Looking beyond the vacuum of the Reds record over the past few years, the organization has done a lot of good things. There is a direction and a cohesiveness to get better. Starting in 2017, Dick Williams spoke about heavy investments in player development, analytics, and even minor league nutrition. All costs and money spent that the casual fan probably never noticed. Just recently the Reds made major changes in development at the minor league level, revamping the coaching staff and changing what wasn’t working. The Reds have even shown a willingness to pay and hire some of the industry’s best to their coaching staff with the addition of Kyle Boddy, among others.
Organizational changes like the ones mentioned above are a great foundation. But it also takes an acknowledgement and the execution of a rebuild on the field – which the Reds have done. They have successfully traded away aging assets for young controllable talent while stocking the minor league full of quality prospects. They are just now getting ready to trade some of that talent for supplemental pieces to their already good/decent big league roster.
Looking at how the Reds’ and Bengals’ organizations have operated recently is like comparing Mike Browns’ sleeping patterns to those of my one year old daughters’ – one is making an effort and one is not. One is committed to a goal and one is not. 2019 has exposed the Bengals front office as being directionless and incompetent. They neglected to address holes in their roster in the off-season. They refused to trade a disgruntled/useless player in Cordy Glenn. The Bengals also missed the boat in trading away pending free agents. They missed on trading away aging players to get a jump start on an inevitable rebuild. The front office’s mishandling of situations goes on to include the benching of their starting quarterback of eight years. On his birthday. Three hours before the trade deadline. The Bengals managed to upset an unupsetable guy in Andy Dalton.

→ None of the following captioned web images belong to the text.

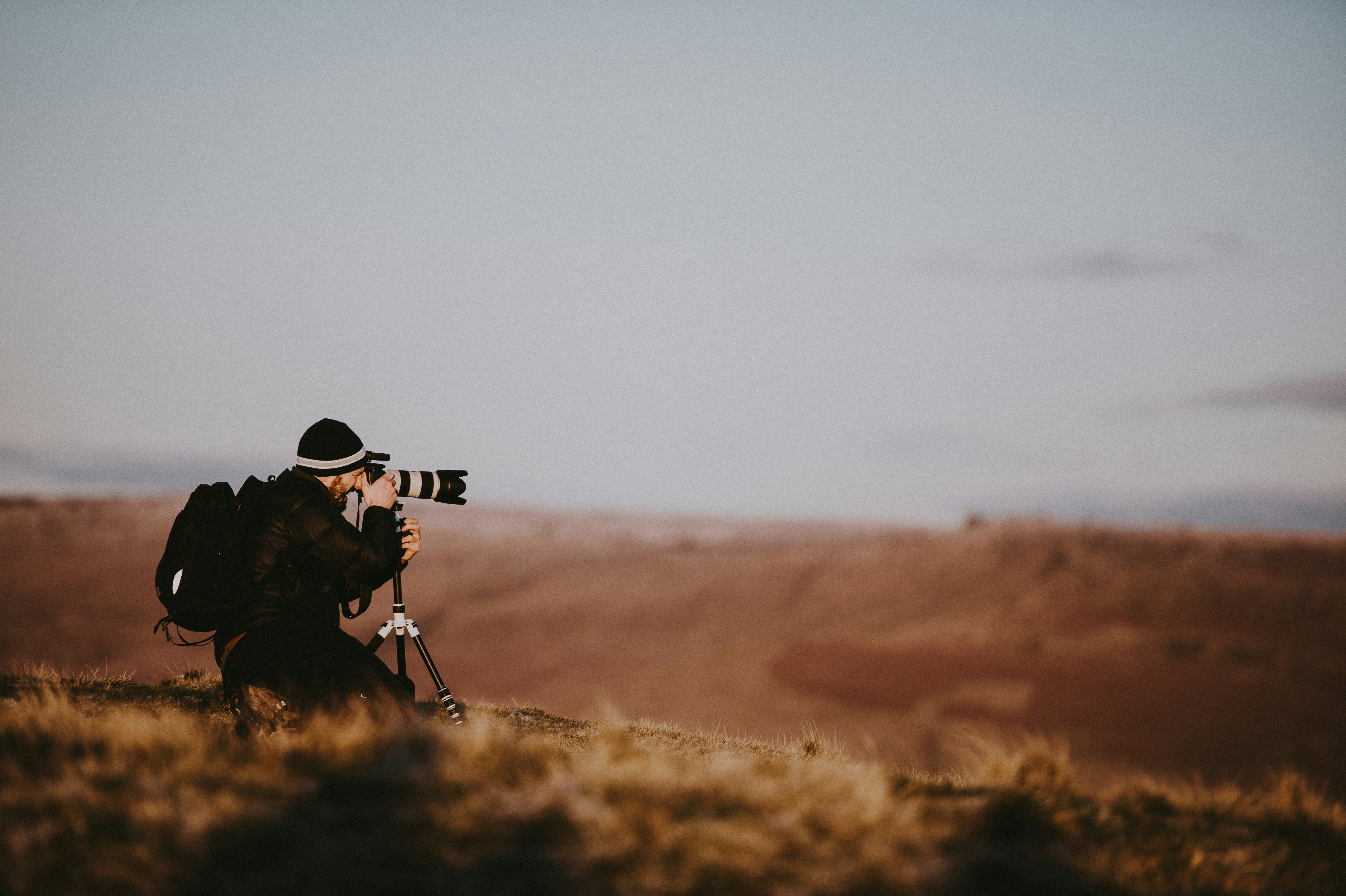 Local photographer camera lens exif using vantix photo shield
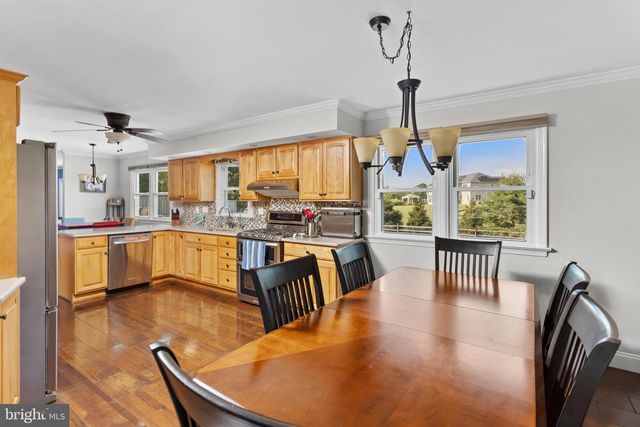146 HANKINS RD, Hightstown, NJ 08520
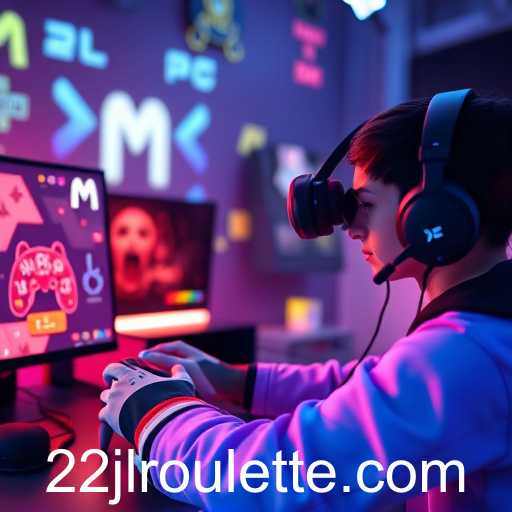 The Evolution of Online Gaming Amid New Challenges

Being the Bengals fan that I am, their 2019 season has provided a stark contrast and an eye opening perspective on how good of a job Dick Williams and the Reds front office has done over the past few years. The Bengals lack a plan or direction. And a lack of a willingness to win has exposed the success of the Reds front office in a way that makes you really appreciate it beyond the wins and losses. Hopefully 2020 is the year that starts to bear the fruits of the front office’s labor.